Apesar do vasto legado artístico e de a sua obra já ter sido várias vezes dada a ver em exposições individuais ou coletivas, o trabalho de Sarah Affonso permanece desconhecido do grande público, e a artista, última aluna de Columbano Bordalo Pinheiro, é principalmente conhecida por ter sido mulher de José de Almada Negreiros.

É para colmatar essa falha que o percurso biográfico e criativo da artista passa a estar disponível não só na exposição do MNAC mas também em livro, que inclui igualmente registo da exposição "Sarah Affonso e a Arte Popular do Minho", patente na Fundação Calouste Gulbenkian, precisamente no ano em que se assinala o 120.º aniversário do seu nascimento.

A artista que preenche as páginas deste álbum ilustrado — através dos seus trabalhos, de uma fotobiografia e de ensaios desenvolvidos por especialistas de diferentes áreas — é uma criadora multifacetada, “tão notável quanto desconhecida”, refere a editora.

A sua obra vai do desenho e da pintura ao bordado, da ilustração aos azulejos, resultado de um trabalho que parte da tradição gravada nas suas memórias e da sua vida familiar para a exploração de novos territórios artísticos.

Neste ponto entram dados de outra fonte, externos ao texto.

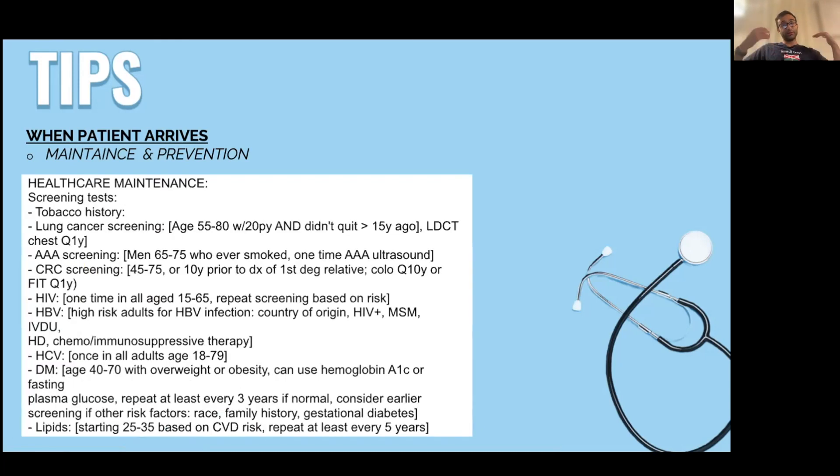For maintenance tests: colonoscopy screening is now every 10 years between ages 45 and 75, or a FIT test every year. Some patients need to be screened for hepatitis B or HIV if at high risk. They may need diabetes screening with an A1C or a lipid panel. I check ahead of time whether we need to order these labs, and if the patient agrees, I'll say: we're going to get your lipids, check a creatinine for your kidneys, check a blood count because you're on a blood thinner, and check an A1C to make sure your diabetes is stable.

Exemplo disso é o trabalho de arquitetura paisagista e 'design' de interiores que foi desenvolvendo na sua casa de Bicesse, ao longo dos anos em que a habitou.

O primeiro ensaio, assinado por Emília Ferreira, diretora do MNAC, aborda todo o percurso artístico de Sarah Affonso, as suas escolhas e influências, as várias áreas que explorou e de que este livro dá prova.

A sua passagem por Paris, impulsionada por uma crítica de louvor ao seu trabalho enquanto finalista da Escola de Belas-Artes de Lisboa, a sua vivência e a obra desenvolvida naquela cidade são tema para o texto de Joana Baião, do Instituto da História da Arte (IHA), da Universidade Nova, intitulado “Sarah no centro do mundo”.

Paulo Ribeiro Baptista, também investigador do IHA, reflete sobre o facto de a abordagem à obra de Sarah Affonso a incluir no grupo dos modernistas e por a própria artista ser frequentemente encarada à sombra de Almada Negreiros, e sofrer uma “menorização”, fruto da dificuldade em definir o modernismo nas artes plásticas.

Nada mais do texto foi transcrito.